Joyce Carol Oates was born in Lockport, New York. She grew up on her parents’ farm, outside the town, and went to the same one-room schoolhouse her mother had attended. This rural area of upstate New York, straddling Niagara and Erie Counties, had been hit hard by the Great Depression. The few industries the area enjoyed suffered frequent closures and layoffs. Farm families worked desperately hard to sustain meager subsistence. But young Joyce enjoyed the natural environment of farm country, and displayed a precocious interest in books and writing. Although her parents had little education, they encouraged her ambitions. When, at age 14, her grandmother provided her with her first typewriter, she began consciously preparing herself, “writing novel after novel” throughout high school and college.
When she transferred to the high school in Lockport, she quickly distinguished herself. An excellent student, she contributed to her high school newspaper and won a scholarship to attend Syracuse University, where she majored in English.

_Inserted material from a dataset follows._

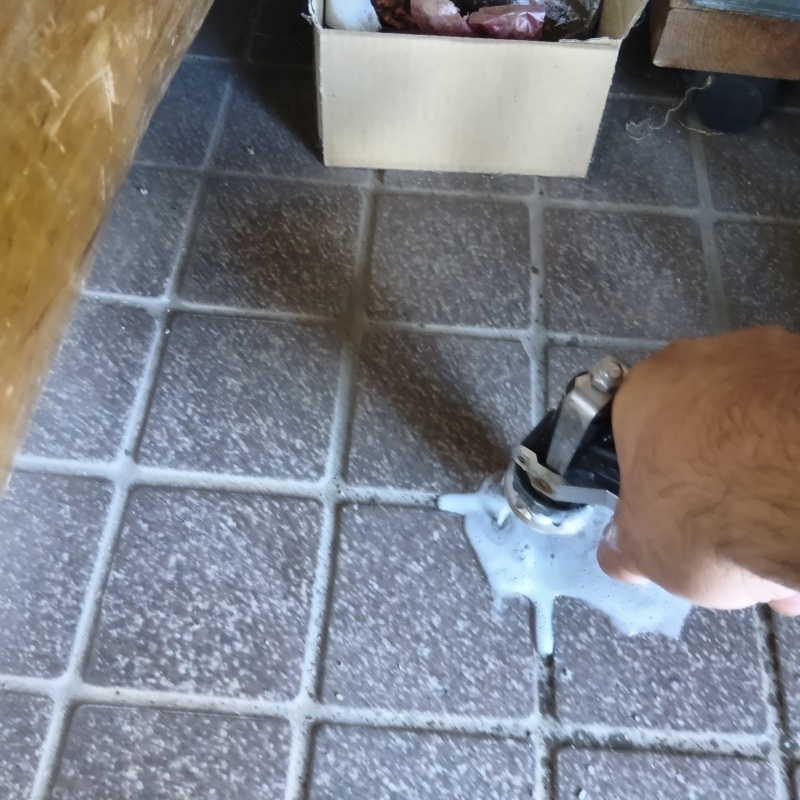 玄関床の目地に穴を開けてシロアリ駆除剤を注入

When she was only 19, she won the “college short story” contest sponsored by Mademoiselle magazine. Joyce Carol Oates was valedictorian of her graduating class. After receiving her bachelor’s degree, she earned her master’s in a single year at the University of Wisconsin. While studying in Wisconsin she met Raymond Smith. The two were married after a three-month courtship.
In 1962, the couple settled in Detroit, Michigan. Joyce taught at the University of Detroit and had a front-row seat for the social turmoil engulfing America’s cities in the 1960s. These violent realities informed much of her early fiction. Her first novel, With Shuddering Fall, was published when she was 28. Her novel them received the National Book Award.
In 1968, Joyce took a job at the University of Windsor, and the couple moved across the Detroit River to Windsor, in the Canadian province of Ontario. In the ten years that followed, Joyce Carol Oates published new books at the extraordinary rate of two or three per year, while teaching full-time. Many of her novels sold well; her short stories and critical essays solidified her reputation. Despite some critical grumbling about her phenomenal productivity, Oates had become one of the most respected and honored writers in the United States though only in her thirties.
While still in Canada, Oates and her husband started a small press and began to publish a literary magazine, The Ontario Review. They continued these activities after 1978, when they moved to Princeton, New Jersey. Since 1978, Joyce Carol Oates has taught in the creative writing program at Princeton University, where she has mentored numerous young writers, including Jonathan Safran Foer. Her literary work continued unabated.
In the early 1980s, Oates surprised critics and readers with a series of novels, beginning with Bellefleur, in which she reinvented the conventions of Gothic fiction, using them to re-imagine whole stretches of American history. Just as suddenly, she returned, at the end of the decade, to her familiar realistic ground with a series of ambitious family chronicles, including You Must Remember This, and Because It Is Bitter, and Because It Is My Heart. The novels Solstice and Marya: A Life also date from this period, and use the materials of her family and childhood to create moving studies of the female experience. In addition to her literary fiction, she has written a series of experimental suspense novels under the pseudonym Rosamond Smith.
As of this writing, Joyce Carol Oates has written 56 novels, over 30 collections of short stories, eight volumes of poetry, plays, innumerable essays and book reviews, as well as longer nonfiction works on literary subjects ranging from the poetry of Emily Dickinson and the fiction of Dostoyevsky and James Joyce, to studies of the gothic and horror genres, and on such non-literary subjects as the painter George Bellows and the boxer Mike Tyson. In 1996, Oates received the PEN/Malamud Award for “a lifetime of literary achievement.”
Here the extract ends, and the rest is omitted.